# Question on WCF Chapter 9.1



## kodos (Nov 12, 2013)

In Chapter 9 - Of Free-Will:
I. God hath endued the will of man with that natural liberty, that it is neither forced, nor, *by any absolute necessity of nature*, determined to good, or evil. (Matt. 17:12, James 1:14, Deut. 30:19)

I believe I understand the totality of the teaching of WCF 9, but the phrasing in paragraph 1 of the phrase "any absolute necessity of nature" escapes me. What is the Confession speaking of here? What does "absolute necessity of nature mean". I am probably being dense. Is nature in this case distinct from the 4-states that the Confession goes on to list in paragraphs 2-5? What nature is this that it speaks of?

Thanks!


----------



## chuckd (Nov 12, 2013)

I believe it is saying our choices are not necessary, but rather contingent. Also stated in 3.1. If our will is either forced or necessary, then it is no longer a will.


----------



## kodos (Nov 12, 2013)

Thanks Chuck, I definitely agree with what you are saying, and it comports with the rest of the Confession. But the phrasing of the Confession seemed rather peculiar to me. Perhaps the use of English being subtly different just makes it ring odd to my ears (eyes?)


----------



## Contra_Mundum (Nov 12, 2013)

The Confession states there that man's will has _natural_ liberty, such that _its nature_ (the virtue of what it is) shall not be supposed to be *absolutely* (i.e. unalterably) and necessarily (could not be otherwise) determined (fixed) to a moral or amoral bent.


----------



## Peairtach (Nov 13, 2013)

The inability of Man's fallen will is a moral inability rather than some metaphysical/ontological "damage" to the will.
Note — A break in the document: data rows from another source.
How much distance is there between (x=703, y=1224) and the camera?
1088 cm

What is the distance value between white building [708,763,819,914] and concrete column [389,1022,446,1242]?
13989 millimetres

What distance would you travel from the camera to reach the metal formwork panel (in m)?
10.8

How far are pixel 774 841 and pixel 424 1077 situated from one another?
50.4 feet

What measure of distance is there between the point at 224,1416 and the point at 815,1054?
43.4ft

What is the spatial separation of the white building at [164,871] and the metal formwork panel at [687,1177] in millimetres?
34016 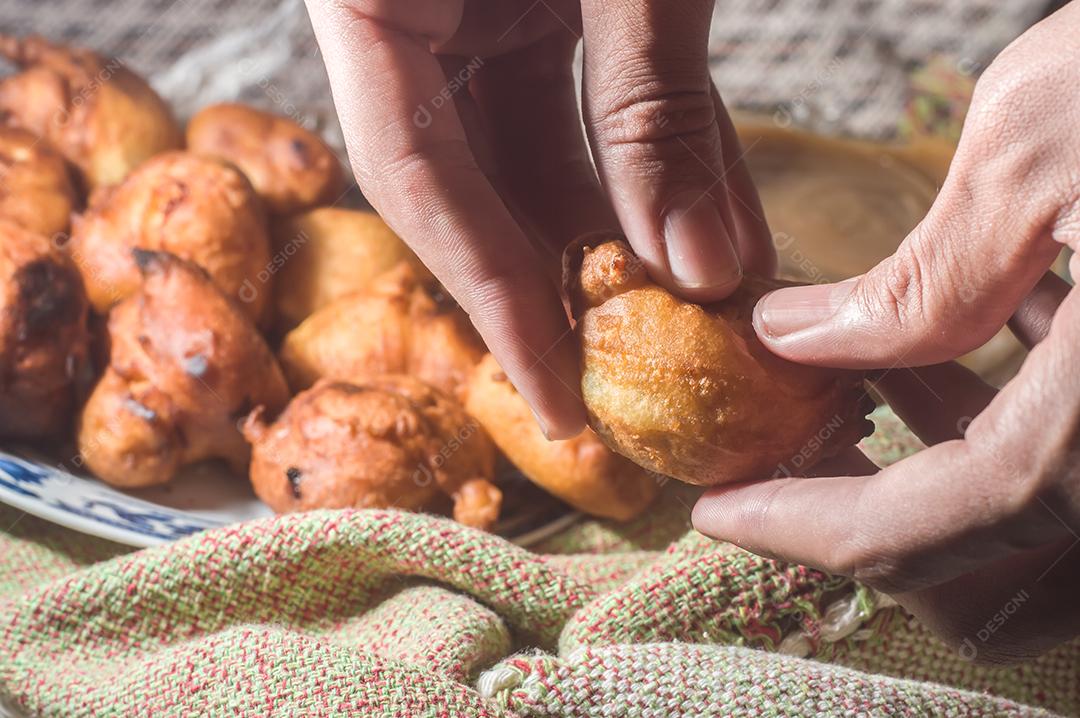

Also,God by His power (omnipotence) and wisdom (omniscience) and omnipresence preserves Man's freedom from what would be, in the absence of the totally sovereign God, the depradations of "chance" and "fate", like two hands round a guttering candle in a howling gale - poor analogy, but "as it were".

The more consistently someone denies the God of the Bible, the more he will be a hard determinist as regards Man. E.g. orthodox Marxists are hard determinists.

The sovereignty of God mysteriously establishes Man's freedom, and the absence of God's sovereignty would paradoxically be fatal to the freedom of the will.

Sent from my HTC Wildfire using Tapatalk 2


----------



## kodos (Nov 13, 2013)

Thanks, all! Wonderful stuff.


----------